There ain’t no place like Alberta

Alberta just came out with their 2010 budget last week.  It is a fun thing to read through if you are interested in such things. 

A couple of interesting things:

The life blood.  No other province in Canada (except NL) has the ability to go from deep deficit to a strong surplus without hardly ever lifting a finger.  Look at the revenue projections.  From $33.5B in the current year to $40.2B in three years – and those are based on fairly conservative oil prices.  A 20% rise in revenues.  Boom.

The gravy train.  $1.1 billion to agriculture – $700  million in straight subsidies.  Makes NB’s subsidies to industry look kind of piddly.   When I gently chide my Albertan colleagues about this I get the line about agriculture having to compete with European subsidies and the weather.   Uh huh.  As if New Brunswick manufacturers don’t have to compete with subsidies and the rise in the Canadian dollar.    Let’s face it.  Subsidies to industry are subsidies to industry.  It’s just that in Alberta it’s agriculture and oil (through very lucrative federal and provincial tax incentives to stimulate oil sands activity over the past 15 years) and in New Brunswick it’s other sectors.

Unfortunately, most provinces will have to inflict far more fiscal pain to get out of deficits.

12 thoughts on “There ain’t no place like Alberta

  1. When you look at Alberta’s investments in health and education, the numbers are equally impressive. Though the gravy train for industry is strong, even Conservative Alberta understands that you have to invest in health and community or nobody will ever move there.

  2. David, how dare you suggest that AB’s wealth is due to the world demand for oil? Outrageous. Clearly, it all down to fiscal conservatism, low taxes and white cowboy hats! At the very least, NB should move in this direction – I demand subsidized cowboy hats for every NBer.

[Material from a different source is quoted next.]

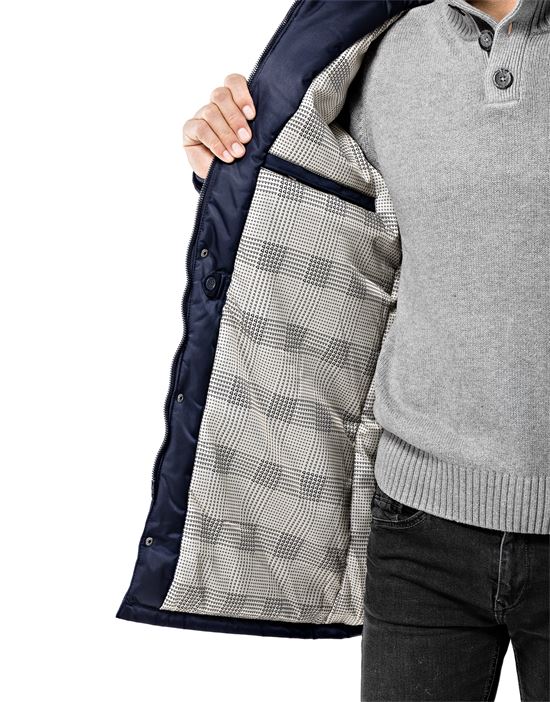 Winter coat, tone in tone quilted, with stand- up collar, detachable hood and drawstring at waist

  3. David, you forget an important caveat. Agriculture is a strange animal in Alberta´s economy, and that has A LOT to do with politics. A rural vote is worth more than an urban vote in that province — and that is what has kept the Conservative party in power for more than 30 years. In fact, if you dig deeper, you will notice that agriculture is perhaps the only sector that receives direct transfers from government (and maybe also, but a much lesser degree, forestry). But the sectors that are the bloodline of Alberta´s economy (oil, gas, construction, manufacturing, and so on), do NOT receive that kind of support.
    Two more things. There is growing pressure from the cities (Calgary and Edmonton hold about 2/3 of the province´s population) to redraw the electoral map (if that will happen, and when, is everybody´s guess). And if you followed Alberta´s politics, you would have seen that the recent cabinet shuffle (and the rise of the Wildrose Alliance) was in a large part driven by Calgary´s discontent.

  4. “Gently chide” eh:)

    To be fair, Alberta relies on agriculture like NB relies on forestry. At 1/34th of the budget, that comes out to about 120 million for New Brunswick’s size budget. New Brunswick USUALLY contributes far more than that-you have to take into account that much of the land is crown land and NB’s various departments do work in those areas (forest rangers, while now few, work for the government but ‘work’ for the developers). I don’t have the figures for DIRECT subsidies, but there are programs for various forestry jobs at many levels, direct handouts and no interest loans (Irving just got 10 million just for making a threat).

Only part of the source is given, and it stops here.